Allocations using dualcache

I have a rather complicated function that I’ve written in a non-allocating manner, and am now trying to use ForwardDiff.jacobian! to generate a non-allocating jacobian. The function has many substeps, so use of a pre-allocated cache is required; and I’ve used the dualcache function from PreallocationTools.jl to create the required caches. While this works (in that it produces the correct answer when tested against a hand-written allocating jacobian routine), it still creates a large number of allocations. I’ve already seen and read quite a few discussions on this topic. Some of the posted solutions have helped, but allocations still remain.

The problem seems to be that while no allocations are being created when I call get_tmp(cache, vec) with vec a float vector, allocations are created when get_tmp is called on a dual vector. Here’s a somewhat minimalist example of my basic code structure:

using ForwardDiff, PreallocationTools
using LinearAlgebra

struct Solver
    A::Matrix{Float64}
    cache::PreallocationTools.DiffCache{Vector{Float64}, Vector{Float64}}
end

const ChunkSize = 12;

function test(testfunc!, N)
    print("\nN = ", N, "\n")

    # ChunkSize = ForwardDiff.pickchunksize(N)
    A = rand(N, N);
    B = rand(N);
    solver = Solver(A, dualcache(B, ChunkSize));

    C = similar(B);
    J = similar(A);
    func!(y, x) = testfunc!(y, x, solver);

    print("...Testing function\n")
    @time func!(C, B);

    cfg = ForwardDiff.JacobianConfig(func!, C, B, ForwardDiff.Chunk{ChunkSize}());
    print("...Testing jacobian\n")
    @time ForwardDiff.jacobian!(J, func!, C, B, cfg);
end

function example1!(y::Vector{<:Real}, x::Vector{<:Real}, solver::Solver)
    mul!(y, solver.A, x)
    return y
end
function example2!(y::Vector{<:Real}, x::Vector{<:Real}, solver::Solver)
    tmp = get_tmp(solver.cache, x)
    mul!(tmp, solver.A, x)
    @. y = tmp*tmp
    return 0
end
function example3!(y::Vector{<:Real}, x::Vector{<:Real}, solver::Solver)
    a = @allocated tmp = get_tmp(solver.cache, x); println(a)
    mul!(tmp, solver.A, x)
    @. y = tmp*tmp
    return 0
end

function testmany(funcs)
    for func in funcs
        print("\nTesting ", typeof(func), "\n")
        test(func, 100)
        test(func, 200)
    end
end

testmany([example1!, example2!, example3!])
testmany([example1!, example2!, example3!])

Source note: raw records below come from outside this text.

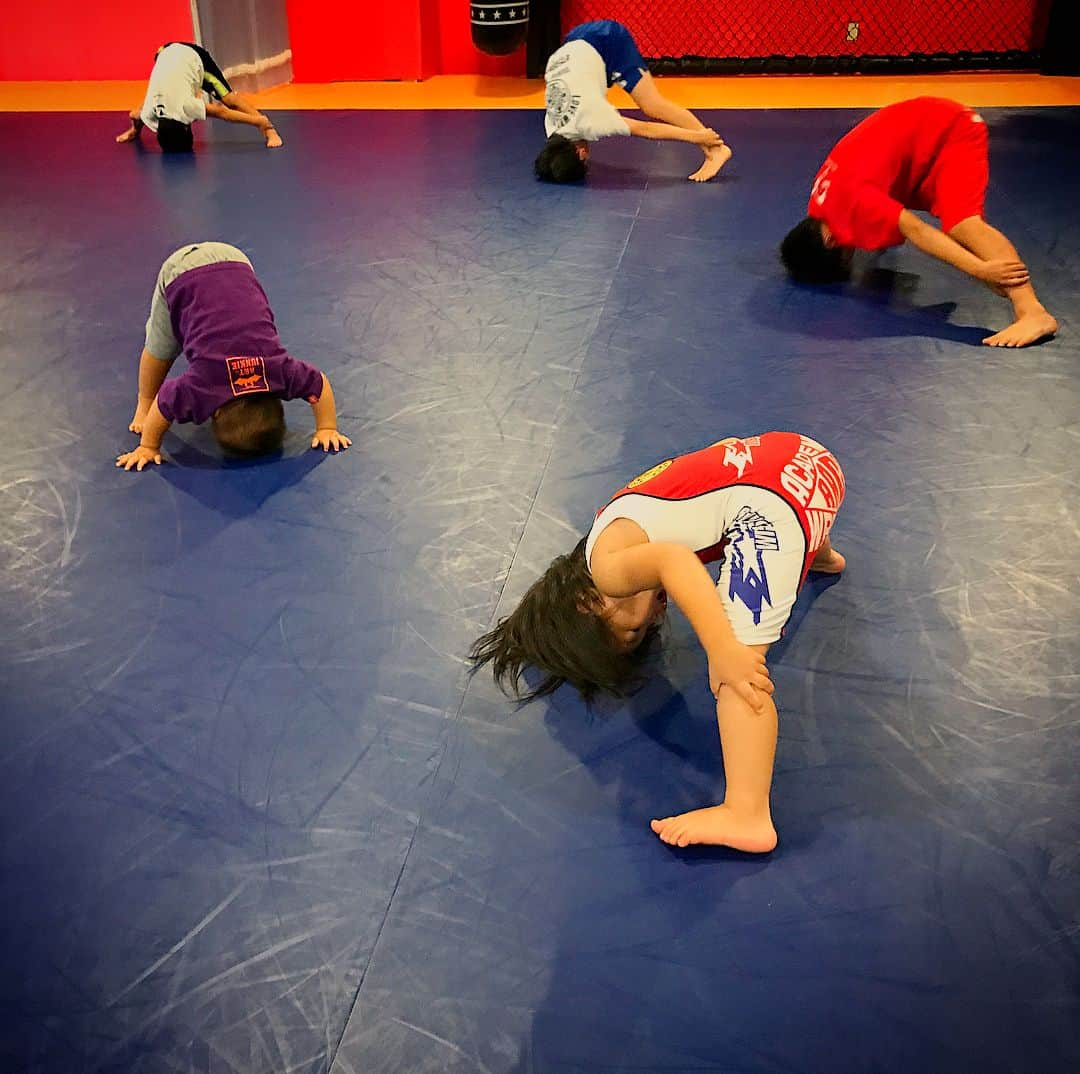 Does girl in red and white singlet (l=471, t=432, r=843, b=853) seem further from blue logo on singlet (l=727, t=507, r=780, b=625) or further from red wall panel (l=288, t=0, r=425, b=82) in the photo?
red wall panel (l=288, t=0, r=425, b=82)

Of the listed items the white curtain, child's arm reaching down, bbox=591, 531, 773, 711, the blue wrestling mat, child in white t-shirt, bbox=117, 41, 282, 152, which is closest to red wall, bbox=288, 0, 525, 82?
the white curtain

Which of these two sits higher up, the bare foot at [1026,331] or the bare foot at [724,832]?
the bare foot at [1026,331]

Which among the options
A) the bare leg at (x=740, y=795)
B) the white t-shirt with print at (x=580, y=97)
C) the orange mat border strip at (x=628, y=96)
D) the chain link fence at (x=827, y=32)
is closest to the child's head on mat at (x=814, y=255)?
the white t-shirt with print at (x=580, y=97)

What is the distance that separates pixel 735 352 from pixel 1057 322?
1.13 m

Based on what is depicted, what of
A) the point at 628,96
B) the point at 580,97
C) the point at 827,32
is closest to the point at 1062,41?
the point at 827,32

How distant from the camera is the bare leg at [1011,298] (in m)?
Answer: 3.57

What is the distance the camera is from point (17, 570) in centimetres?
258

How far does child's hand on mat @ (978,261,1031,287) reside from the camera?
12.0ft

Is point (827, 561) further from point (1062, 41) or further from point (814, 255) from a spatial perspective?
point (1062, 41)

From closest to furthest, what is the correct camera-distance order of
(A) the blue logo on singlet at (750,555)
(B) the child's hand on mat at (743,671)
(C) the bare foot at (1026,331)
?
(B) the child's hand on mat at (743,671), (A) the blue logo on singlet at (750,555), (C) the bare foot at (1026,331)

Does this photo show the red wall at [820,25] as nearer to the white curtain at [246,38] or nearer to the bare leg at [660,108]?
the white curtain at [246,38]

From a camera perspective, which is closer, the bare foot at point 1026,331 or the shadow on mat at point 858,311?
the bare foot at point 1026,331

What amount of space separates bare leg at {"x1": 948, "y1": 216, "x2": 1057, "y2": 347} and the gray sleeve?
8.30ft

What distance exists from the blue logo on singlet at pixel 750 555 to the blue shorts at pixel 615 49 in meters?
4.00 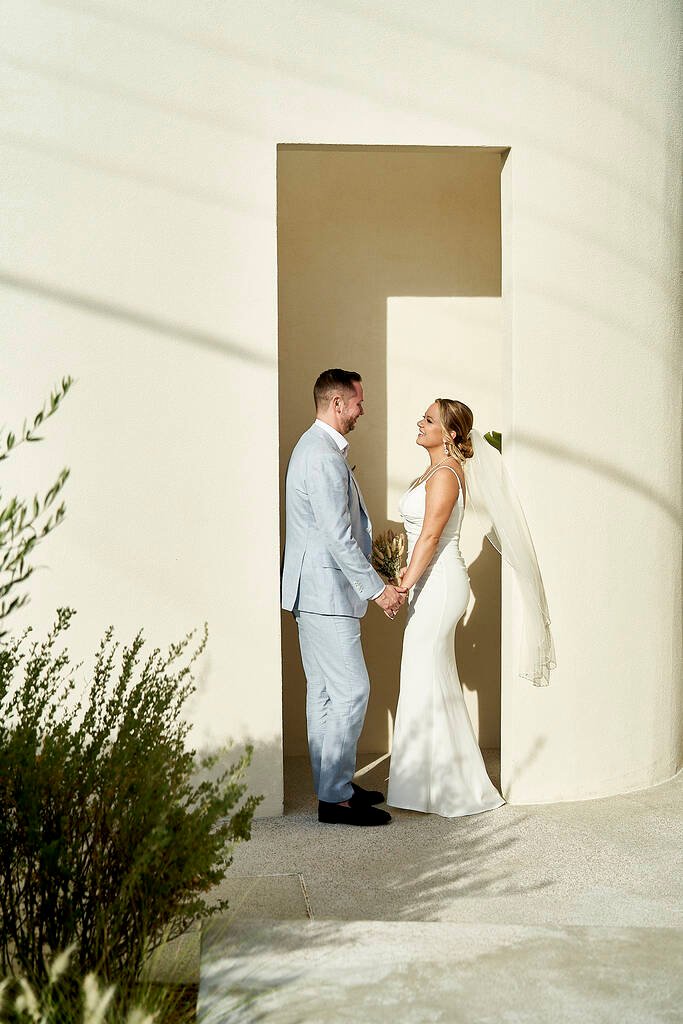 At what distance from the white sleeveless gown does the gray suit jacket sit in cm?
31

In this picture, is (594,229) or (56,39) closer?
(56,39)

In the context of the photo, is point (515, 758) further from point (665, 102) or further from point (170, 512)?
point (665, 102)

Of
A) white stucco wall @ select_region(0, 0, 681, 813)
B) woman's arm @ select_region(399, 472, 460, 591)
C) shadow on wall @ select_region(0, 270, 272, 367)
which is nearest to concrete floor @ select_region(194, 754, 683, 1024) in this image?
white stucco wall @ select_region(0, 0, 681, 813)

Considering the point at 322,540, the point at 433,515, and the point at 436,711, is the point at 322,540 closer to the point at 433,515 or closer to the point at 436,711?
the point at 433,515

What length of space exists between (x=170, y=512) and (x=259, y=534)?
1.25 ft

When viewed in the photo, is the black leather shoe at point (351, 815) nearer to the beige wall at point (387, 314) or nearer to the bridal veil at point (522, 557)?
the bridal veil at point (522, 557)

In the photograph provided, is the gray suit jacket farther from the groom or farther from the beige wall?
the beige wall

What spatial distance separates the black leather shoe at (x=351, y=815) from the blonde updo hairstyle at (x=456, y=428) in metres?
1.55

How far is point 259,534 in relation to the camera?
486cm

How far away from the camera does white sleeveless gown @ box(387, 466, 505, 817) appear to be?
4.99 m

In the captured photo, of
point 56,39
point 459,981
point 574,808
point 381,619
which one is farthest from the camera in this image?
point 381,619

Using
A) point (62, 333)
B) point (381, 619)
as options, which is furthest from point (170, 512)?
point (381, 619)

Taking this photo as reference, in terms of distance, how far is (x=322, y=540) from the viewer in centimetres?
493

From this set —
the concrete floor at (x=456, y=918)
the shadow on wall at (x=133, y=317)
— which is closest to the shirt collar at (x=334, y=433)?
the shadow on wall at (x=133, y=317) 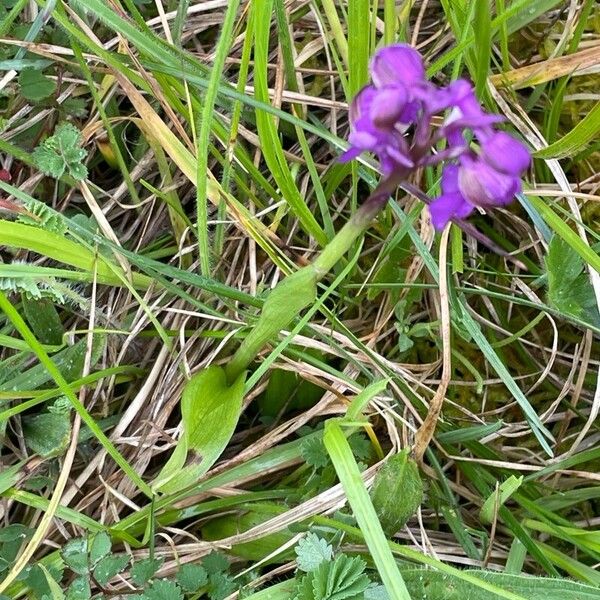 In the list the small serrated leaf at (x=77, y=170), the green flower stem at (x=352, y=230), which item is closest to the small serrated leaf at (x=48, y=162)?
the small serrated leaf at (x=77, y=170)

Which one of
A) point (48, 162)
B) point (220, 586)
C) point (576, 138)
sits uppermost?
point (48, 162)

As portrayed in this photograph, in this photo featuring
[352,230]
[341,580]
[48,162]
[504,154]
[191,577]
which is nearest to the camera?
[504,154]

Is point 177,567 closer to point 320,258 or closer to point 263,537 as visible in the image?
point 263,537

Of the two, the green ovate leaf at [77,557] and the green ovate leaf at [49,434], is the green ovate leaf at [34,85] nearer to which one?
the green ovate leaf at [49,434]

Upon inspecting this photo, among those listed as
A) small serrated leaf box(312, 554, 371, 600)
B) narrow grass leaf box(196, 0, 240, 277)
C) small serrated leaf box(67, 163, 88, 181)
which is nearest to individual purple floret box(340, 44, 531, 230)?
narrow grass leaf box(196, 0, 240, 277)

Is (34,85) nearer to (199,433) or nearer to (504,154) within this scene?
(199,433)

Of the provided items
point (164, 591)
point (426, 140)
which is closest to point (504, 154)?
point (426, 140)

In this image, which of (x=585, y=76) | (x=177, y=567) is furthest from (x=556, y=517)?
(x=585, y=76) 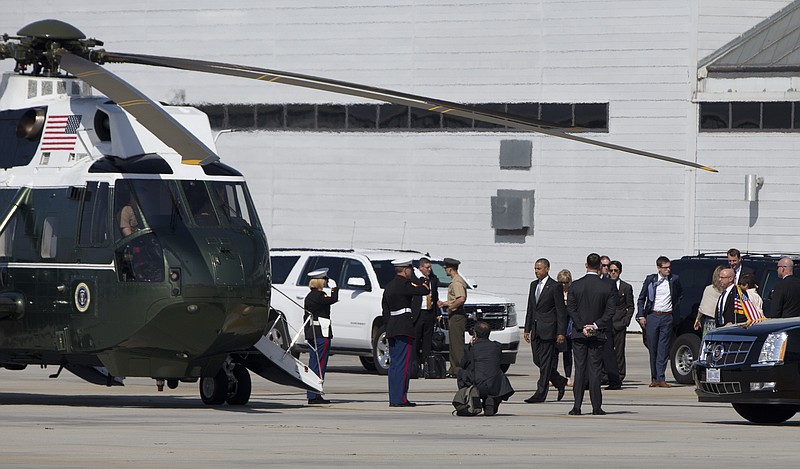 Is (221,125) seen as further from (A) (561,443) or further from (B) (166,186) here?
(A) (561,443)

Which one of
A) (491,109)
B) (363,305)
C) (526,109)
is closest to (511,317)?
(363,305)

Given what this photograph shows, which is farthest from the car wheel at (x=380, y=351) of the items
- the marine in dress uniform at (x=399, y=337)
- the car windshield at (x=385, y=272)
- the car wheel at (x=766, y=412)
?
the car wheel at (x=766, y=412)

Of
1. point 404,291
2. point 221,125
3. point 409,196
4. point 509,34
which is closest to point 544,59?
point 509,34

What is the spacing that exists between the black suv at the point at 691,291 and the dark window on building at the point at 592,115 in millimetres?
12755

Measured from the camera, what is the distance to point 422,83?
1521 inches

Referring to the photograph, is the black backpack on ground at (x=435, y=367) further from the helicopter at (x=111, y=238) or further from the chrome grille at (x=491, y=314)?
the helicopter at (x=111, y=238)

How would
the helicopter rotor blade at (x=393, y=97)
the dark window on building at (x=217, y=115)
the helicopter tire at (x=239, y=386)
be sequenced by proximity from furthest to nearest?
the dark window on building at (x=217, y=115) → the helicopter tire at (x=239, y=386) → the helicopter rotor blade at (x=393, y=97)

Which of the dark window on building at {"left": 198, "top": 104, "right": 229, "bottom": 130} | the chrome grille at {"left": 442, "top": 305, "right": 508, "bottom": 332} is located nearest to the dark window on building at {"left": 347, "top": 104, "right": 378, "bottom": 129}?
the dark window on building at {"left": 198, "top": 104, "right": 229, "bottom": 130}

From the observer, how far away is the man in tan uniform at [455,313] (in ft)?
75.4

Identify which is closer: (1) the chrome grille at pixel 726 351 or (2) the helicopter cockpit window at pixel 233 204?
(1) the chrome grille at pixel 726 351

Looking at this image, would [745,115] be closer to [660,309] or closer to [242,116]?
[660,309]

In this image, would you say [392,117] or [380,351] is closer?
[380,351]

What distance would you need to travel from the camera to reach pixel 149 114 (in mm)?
12836

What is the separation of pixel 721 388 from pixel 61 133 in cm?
772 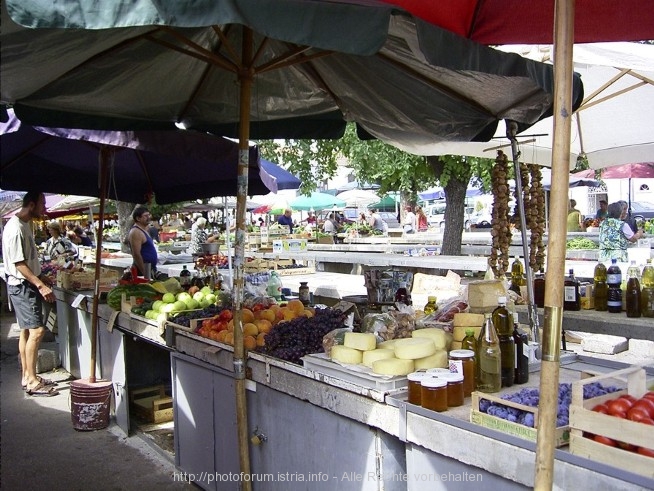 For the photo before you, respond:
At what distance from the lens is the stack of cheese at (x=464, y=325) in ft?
9.75

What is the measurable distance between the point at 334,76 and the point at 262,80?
2.03 ft

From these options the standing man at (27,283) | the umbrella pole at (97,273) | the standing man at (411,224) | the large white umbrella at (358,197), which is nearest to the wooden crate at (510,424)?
the umbrella pole at (97,273)

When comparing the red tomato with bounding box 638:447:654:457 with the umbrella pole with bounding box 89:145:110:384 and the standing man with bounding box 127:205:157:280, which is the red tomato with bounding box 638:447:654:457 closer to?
the umbrella pole with bounding box 89:145:110:384

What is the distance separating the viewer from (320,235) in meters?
20.9

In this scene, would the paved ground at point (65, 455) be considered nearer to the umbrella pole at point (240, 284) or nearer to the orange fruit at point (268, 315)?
the umbrella pole at point (240, 284)

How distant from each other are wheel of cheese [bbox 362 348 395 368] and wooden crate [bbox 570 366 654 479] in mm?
990

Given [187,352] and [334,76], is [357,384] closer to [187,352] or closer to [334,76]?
[187,352]

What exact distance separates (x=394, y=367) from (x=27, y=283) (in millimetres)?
5461

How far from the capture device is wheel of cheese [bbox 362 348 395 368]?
9.32 feet

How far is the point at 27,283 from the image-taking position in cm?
673

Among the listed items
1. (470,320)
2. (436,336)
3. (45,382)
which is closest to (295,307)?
(436,336)

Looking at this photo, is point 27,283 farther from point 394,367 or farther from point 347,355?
point 394,367

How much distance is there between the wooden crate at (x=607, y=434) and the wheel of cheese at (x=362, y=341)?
1.11m

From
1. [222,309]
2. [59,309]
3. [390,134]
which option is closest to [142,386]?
[222,309] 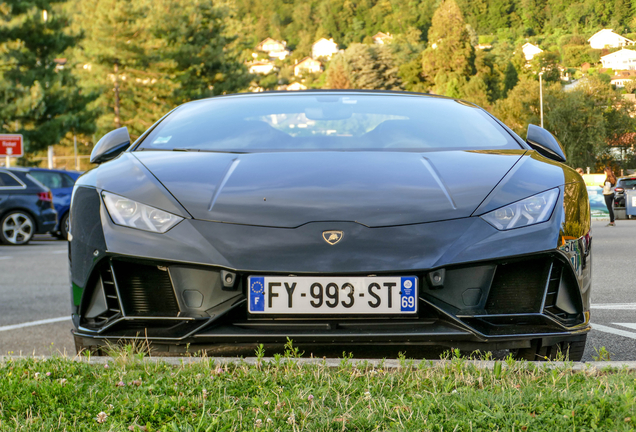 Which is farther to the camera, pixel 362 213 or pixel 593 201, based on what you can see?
pixel 593 201

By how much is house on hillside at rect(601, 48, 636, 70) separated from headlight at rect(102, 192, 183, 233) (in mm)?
→ 100588

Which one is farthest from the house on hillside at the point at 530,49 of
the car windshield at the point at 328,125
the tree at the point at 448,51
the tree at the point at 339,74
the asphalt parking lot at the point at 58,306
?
the car windshield at the point at 328,125

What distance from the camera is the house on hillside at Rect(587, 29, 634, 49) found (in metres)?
107

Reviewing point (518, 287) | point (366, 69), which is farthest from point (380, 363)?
point (366, 69)

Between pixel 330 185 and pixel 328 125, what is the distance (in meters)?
0.93

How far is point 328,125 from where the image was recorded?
3730 mm

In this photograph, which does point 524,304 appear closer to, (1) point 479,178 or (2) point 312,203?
(1) point 479,178

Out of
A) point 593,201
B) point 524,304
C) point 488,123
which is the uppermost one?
point 488,123

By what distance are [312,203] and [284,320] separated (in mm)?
433

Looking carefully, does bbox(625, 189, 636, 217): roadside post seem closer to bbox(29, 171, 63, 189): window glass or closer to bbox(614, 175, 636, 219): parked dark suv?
bbox(614, 175, 636, 219): parked dark suv

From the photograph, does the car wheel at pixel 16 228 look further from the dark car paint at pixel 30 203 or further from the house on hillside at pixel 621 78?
the house on hillside at pixel 621 78

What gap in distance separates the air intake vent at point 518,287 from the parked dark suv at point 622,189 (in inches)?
857

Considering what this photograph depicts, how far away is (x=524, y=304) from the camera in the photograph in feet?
8.74

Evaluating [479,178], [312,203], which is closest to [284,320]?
[312,203]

example1! is trivial, but runs correctly, in that neither the function nor the jacobian allocate:

Testing typeof(example1!)

N = 100
...Testing function
  0.000005 seconds
...Testing jacobian
  0.000211 seconds

N = 200
...Testing function
  0.000009 seconds
...Testing jacobian
  0.001240 seconds

example2! is closer to my case, and we now see allocations appear in the jacobian only:

Testing typeof(example2!)

N = 100
...Testing function
  0.000004 seconds
...Testing jacobian
  0.000221 seconds (9 allocations: 92.812 KiB)

N = 200
...Testing function
  0.000010 seconds
...Testing jacobian
  0.001268 seconds (34 allocations: 346.109 KiB)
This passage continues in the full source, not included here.